» **Data for this task**
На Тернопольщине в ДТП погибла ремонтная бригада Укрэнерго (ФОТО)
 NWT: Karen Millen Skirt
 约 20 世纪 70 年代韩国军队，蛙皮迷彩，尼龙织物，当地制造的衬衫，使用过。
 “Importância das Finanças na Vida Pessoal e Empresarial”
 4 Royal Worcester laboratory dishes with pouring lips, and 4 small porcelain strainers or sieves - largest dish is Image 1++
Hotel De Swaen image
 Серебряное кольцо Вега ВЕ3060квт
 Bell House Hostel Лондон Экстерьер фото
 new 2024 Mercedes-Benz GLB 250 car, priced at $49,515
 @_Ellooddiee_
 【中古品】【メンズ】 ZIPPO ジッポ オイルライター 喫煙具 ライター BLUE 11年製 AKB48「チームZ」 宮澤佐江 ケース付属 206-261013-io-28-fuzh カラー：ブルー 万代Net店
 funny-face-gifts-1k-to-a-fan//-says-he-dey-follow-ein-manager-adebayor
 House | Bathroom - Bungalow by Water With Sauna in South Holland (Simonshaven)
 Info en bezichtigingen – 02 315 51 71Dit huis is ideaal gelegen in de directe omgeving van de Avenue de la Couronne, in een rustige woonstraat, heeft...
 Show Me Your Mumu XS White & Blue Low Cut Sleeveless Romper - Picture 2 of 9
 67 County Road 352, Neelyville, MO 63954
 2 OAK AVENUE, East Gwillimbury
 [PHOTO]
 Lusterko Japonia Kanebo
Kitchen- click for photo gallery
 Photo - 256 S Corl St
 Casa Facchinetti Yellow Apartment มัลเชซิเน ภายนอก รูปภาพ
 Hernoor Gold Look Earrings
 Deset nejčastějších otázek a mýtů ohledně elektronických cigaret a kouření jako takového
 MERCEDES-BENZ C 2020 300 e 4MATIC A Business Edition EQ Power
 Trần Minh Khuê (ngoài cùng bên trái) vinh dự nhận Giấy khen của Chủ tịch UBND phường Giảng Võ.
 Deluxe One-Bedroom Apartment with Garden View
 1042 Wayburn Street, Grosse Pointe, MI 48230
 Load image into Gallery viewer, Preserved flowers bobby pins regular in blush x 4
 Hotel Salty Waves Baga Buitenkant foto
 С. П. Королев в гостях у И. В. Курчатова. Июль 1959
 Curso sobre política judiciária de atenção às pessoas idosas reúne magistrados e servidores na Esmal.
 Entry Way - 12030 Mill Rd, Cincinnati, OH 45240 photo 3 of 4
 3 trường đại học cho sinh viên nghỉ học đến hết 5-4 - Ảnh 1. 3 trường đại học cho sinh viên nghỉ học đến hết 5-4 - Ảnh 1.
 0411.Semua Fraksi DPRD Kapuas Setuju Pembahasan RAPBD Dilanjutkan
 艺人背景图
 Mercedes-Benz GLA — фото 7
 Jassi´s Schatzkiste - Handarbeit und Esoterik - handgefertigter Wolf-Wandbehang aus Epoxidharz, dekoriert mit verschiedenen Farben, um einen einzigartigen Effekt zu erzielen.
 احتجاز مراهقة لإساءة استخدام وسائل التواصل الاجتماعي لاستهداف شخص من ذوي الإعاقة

» **Work request**
Please give back exactly the lines of this listing beginning at the line with "Hotel De Swaen image" and ending with the line with "House | Bathroom", both included, and nothing else.

» **Exercise response**
Hotel De Swaen image
 Серебряное кольцо Вега ВЕ3060квт
 Bell House Hostel Лондон Экстерьер фото
 new 2024 Mercedes-Benz GLB 250 car, priced at $49,515
 @_Ellooddiee_
 【中古品】【メンズ】 ZIPPO ジッポ オイルライター 喫煙具 ライター BLUE 11年製 AKB48「チームZ」 宮澤佐江 ケース付属 206-261013-io-28-fuzh カラー：ブルー 万代Net店
 funny-face-gifts-1k-to-a-fan//-says-he-dey-follow-ein-manager-adebayor
 House | Bathroom - Bungalow by Water With Sauna in South Holland (Simonshaven)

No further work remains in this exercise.